An author, Zukerman has written two fiction and two nonfiction books.
Her most recent work is “In My Mother’s Closet: An Invitation to Remember.” She taps female celebrities’ reminiscences of poking through their mothers’ clothes, possessions and scents.
Going through a mother’s closet “is a fairly universal thing little girls do,” Zukerman says. “Once my daughters were visiting me and they reminisced about their explorations. I did it when I was young. I asked my mother, who is 91, if she did it and she said yes.
“The book is not about clothing or fashion. It’s about the connection between mothers and daughters.”
Her editor wanted interviews with famous women. “I was happy to do real people,” she says, laughing, “but I ended up with extraordinary interviews. The creative part was writing the narratives in the voice of the person I spoke with.”
Born in Cambridge, Mass., she describes the household as lively. “There was lots of music in the house.” Her father was an inventor who later moved the family, including Eugenia’s two sisters, to Connecticut.
She attended public schools, “which were terrific. It was a rich experience.”
These were the halcyon days of the public school system, when music, drama and the arts still flourished.
Zukerman first heard the flute in one of those classrooms. Scholarships enabled her to study with private teachers. She earned early admission to Barnard College and majored in English.
“I switched to the Julliard School of Music halfway through at the urging of my flute teacher,” she says. “She said, ‘Play music now and then you can write the Great American Novel.’ I liked the game plan.”
Her teacher had excellent intuition.
In 1971 Zukerman won the Young Concert Artists Award and made her formal New York debut. “Music has such power to move us,” she says. “It’s so much more efficient than language. One musical phrase can move you to tears. You could read a hundred or a thousand words before you felt the same emotion.”
The CBS Morning position arrived like a bolt from the sky. “I got a call from Shad Northshield [creator of the show]. He said, ‘I hear you play the flute. I have a job for you that you’re going to love.’ It was one of those wonderful things.”
Because her two daughters Natalia and Arianna were young, Zukerman almost declined. “I struggle to keep my life in balance, but I feel privileged that I have a number of interests.” Her days are as varied as the music she plays.
“They really depend on what needs to be done. I wake up, exercise — I now belong to a club,” she says, dotting the last word with mock pretentiousness. “I write. I’m always working on things for the Vail Festival, and I’m usually working on something for CBS.”
She regrets that CBS Sunday Morning has cut back on its “high art” segments. She now does about six stories a year.
In 1983, Zukerman attended the Sundance Film Festival because her friend had entered a screenplay based on Zukerman’s first novel, “Deceptive Cadence.”

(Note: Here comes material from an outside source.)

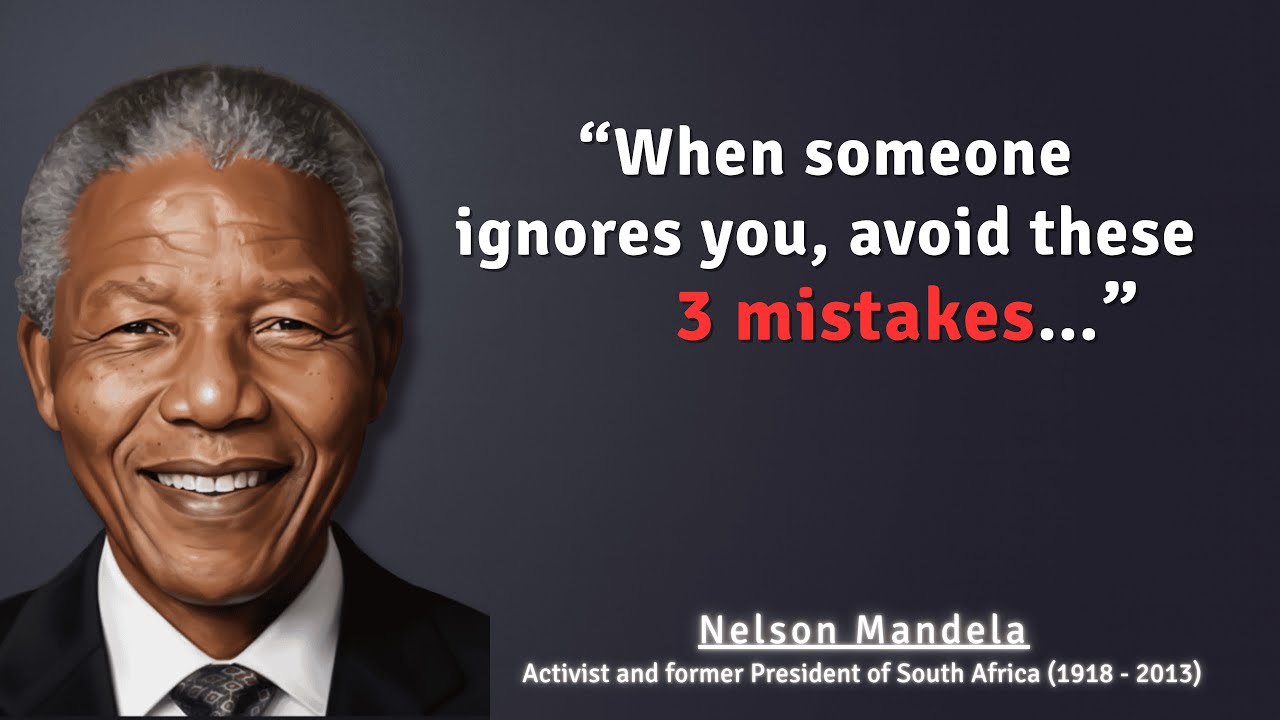 What I Learned from Nelson Mandela&rsquo;s Quotes About Being Ignored: 3 Costly Mistakes People Make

“It was one of five scripts picked for the competition,” she says, her soft voice enlarging with excited memories. “I got to work with Oscar-winning director Sydney Pollack and legendary screenwriter Waldo Salt.
“Oddly enough, my marriage had ended that summer. One of the people I was working with at Sundance said, ‘I know a great guy in Los Angeles. He’s a screenwriter with four children.'”
Zukerman laughs again.
“I said no way, no thanks.”
The man in question was David Seltzer, who wrote the screenplay for “The Omen” and is the writer-producer of the NBC mini-series “Revelations.”
Fortunately, he rejected her rejection.
“He came to New York anyway,” Zukerman says. “I was playing a concert at Avery Fisher Hall at Lincoln Center. He couldn’t get into the concert but he stayed outside and heard me play.
“Then we went on what I guess you’d call a blind date. There was an instant connection.” That was 21 years ago.